> _Records for the exercise_
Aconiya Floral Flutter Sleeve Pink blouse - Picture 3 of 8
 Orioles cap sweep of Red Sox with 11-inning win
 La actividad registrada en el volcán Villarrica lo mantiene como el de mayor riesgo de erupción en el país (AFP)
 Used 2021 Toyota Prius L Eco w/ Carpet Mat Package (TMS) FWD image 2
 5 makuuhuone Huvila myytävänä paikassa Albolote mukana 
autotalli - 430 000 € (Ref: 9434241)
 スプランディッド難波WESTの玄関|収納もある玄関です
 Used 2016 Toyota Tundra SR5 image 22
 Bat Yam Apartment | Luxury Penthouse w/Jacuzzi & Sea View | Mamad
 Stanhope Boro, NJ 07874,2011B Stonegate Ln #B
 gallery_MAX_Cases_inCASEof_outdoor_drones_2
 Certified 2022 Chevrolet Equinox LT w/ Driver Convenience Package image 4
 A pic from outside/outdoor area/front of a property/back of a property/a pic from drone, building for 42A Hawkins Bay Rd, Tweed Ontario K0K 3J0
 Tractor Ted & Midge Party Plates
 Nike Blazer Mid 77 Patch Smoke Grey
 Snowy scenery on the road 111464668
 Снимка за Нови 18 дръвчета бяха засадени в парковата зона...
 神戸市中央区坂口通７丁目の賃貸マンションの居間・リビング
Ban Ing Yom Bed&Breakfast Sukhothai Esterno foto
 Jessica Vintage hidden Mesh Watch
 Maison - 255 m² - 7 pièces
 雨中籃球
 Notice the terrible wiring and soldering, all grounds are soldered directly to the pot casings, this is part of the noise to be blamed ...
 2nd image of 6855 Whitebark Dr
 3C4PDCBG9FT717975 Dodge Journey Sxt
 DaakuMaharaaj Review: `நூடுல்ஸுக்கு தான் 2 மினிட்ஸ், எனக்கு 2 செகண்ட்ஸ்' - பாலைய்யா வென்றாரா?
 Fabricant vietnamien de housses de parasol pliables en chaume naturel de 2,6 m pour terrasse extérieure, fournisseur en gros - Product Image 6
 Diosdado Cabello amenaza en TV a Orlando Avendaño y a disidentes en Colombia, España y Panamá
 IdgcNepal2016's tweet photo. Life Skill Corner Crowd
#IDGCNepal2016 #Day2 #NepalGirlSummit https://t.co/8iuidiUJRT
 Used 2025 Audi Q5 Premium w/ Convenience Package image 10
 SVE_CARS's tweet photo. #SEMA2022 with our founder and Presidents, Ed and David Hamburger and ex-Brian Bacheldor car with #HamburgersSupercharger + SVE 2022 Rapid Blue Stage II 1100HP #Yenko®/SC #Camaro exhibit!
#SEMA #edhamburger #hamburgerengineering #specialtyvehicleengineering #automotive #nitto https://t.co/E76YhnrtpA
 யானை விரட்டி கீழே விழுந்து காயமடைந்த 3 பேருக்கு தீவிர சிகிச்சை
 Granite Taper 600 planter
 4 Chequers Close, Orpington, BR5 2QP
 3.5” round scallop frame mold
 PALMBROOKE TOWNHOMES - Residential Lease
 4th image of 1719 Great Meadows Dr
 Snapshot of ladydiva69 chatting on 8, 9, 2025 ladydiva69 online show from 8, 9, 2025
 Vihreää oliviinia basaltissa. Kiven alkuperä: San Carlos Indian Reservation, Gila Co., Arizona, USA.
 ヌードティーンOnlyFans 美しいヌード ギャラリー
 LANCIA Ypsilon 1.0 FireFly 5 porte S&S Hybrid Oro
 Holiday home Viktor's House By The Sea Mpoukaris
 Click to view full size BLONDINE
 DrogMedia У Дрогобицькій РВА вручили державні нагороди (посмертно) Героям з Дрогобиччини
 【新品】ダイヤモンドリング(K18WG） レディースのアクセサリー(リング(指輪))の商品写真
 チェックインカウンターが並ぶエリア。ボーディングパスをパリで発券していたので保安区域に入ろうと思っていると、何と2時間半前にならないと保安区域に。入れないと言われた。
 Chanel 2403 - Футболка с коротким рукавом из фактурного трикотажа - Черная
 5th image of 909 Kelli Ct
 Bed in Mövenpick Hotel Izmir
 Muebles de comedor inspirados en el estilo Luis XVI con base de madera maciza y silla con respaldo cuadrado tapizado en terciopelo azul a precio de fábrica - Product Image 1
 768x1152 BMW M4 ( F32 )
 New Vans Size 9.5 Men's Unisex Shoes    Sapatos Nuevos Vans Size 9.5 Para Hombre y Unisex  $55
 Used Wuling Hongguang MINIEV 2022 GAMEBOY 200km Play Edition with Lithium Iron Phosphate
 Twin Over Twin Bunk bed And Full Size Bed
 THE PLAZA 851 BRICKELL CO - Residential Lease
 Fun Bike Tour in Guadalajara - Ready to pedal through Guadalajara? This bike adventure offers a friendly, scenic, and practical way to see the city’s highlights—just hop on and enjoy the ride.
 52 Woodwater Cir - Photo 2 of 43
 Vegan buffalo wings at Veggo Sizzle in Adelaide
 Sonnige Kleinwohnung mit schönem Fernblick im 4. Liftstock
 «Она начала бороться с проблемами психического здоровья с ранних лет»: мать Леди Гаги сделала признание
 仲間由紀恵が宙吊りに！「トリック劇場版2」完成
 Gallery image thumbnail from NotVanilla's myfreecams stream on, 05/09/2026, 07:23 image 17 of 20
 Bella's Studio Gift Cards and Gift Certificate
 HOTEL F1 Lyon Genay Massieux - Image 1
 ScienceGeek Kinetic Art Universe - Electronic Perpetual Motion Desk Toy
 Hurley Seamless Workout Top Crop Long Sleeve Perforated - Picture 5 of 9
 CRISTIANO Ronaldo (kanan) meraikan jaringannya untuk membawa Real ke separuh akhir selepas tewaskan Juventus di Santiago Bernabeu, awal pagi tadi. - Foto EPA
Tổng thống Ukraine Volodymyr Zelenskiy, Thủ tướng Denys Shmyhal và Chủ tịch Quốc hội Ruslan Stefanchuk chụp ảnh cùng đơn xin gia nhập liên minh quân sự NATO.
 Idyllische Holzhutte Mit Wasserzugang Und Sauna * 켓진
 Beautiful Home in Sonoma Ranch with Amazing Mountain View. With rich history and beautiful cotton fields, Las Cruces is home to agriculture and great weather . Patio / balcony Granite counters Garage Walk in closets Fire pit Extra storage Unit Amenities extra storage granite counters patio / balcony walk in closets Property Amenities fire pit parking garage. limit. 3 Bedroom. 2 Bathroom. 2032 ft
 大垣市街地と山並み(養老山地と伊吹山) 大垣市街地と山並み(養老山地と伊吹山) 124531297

> _Prompt_
From the first line of the records to the line containing "Certified 2022 Chevrolet", inclusive, transcribe everything exactly and leave out the rest.

> _Solution for this task_
Aconiya Floral Flutter Sleeve Pink blouse - Picture 3 of 8
 Orioles cap sweep of Red Sox with 11-inning win
 La actividad registrada en el volcán Villarrica lo mantiene como el de mayor riesgo de erupción en el país (AFP)
 Used 2021 Toyota Prius L Eco w/ Carpet Mat Package (TMS) FWD image 2
 5 makuuhuone Huvila myytävänä paikassa Albolote mukana 
autotalli - 430 000 € (Ref: 9434241)
 スプランディッド難波WESTの玄関|収納もある玄関です
 Used 2016 Toyota Tundra SR5 image 22
 Bat Yam Apartment | Luxury Penthouse w/Jacuzzi & Sea View | Mamad
 Stanhope Boro, NJ 07874,2011B Stonegate Ln #B
 gallery_MAX_Cases_inCASEof_outdoor_drones_2
 Certified 2022 Chevrolet Equinox LT w/ Driver Convenience Package image 4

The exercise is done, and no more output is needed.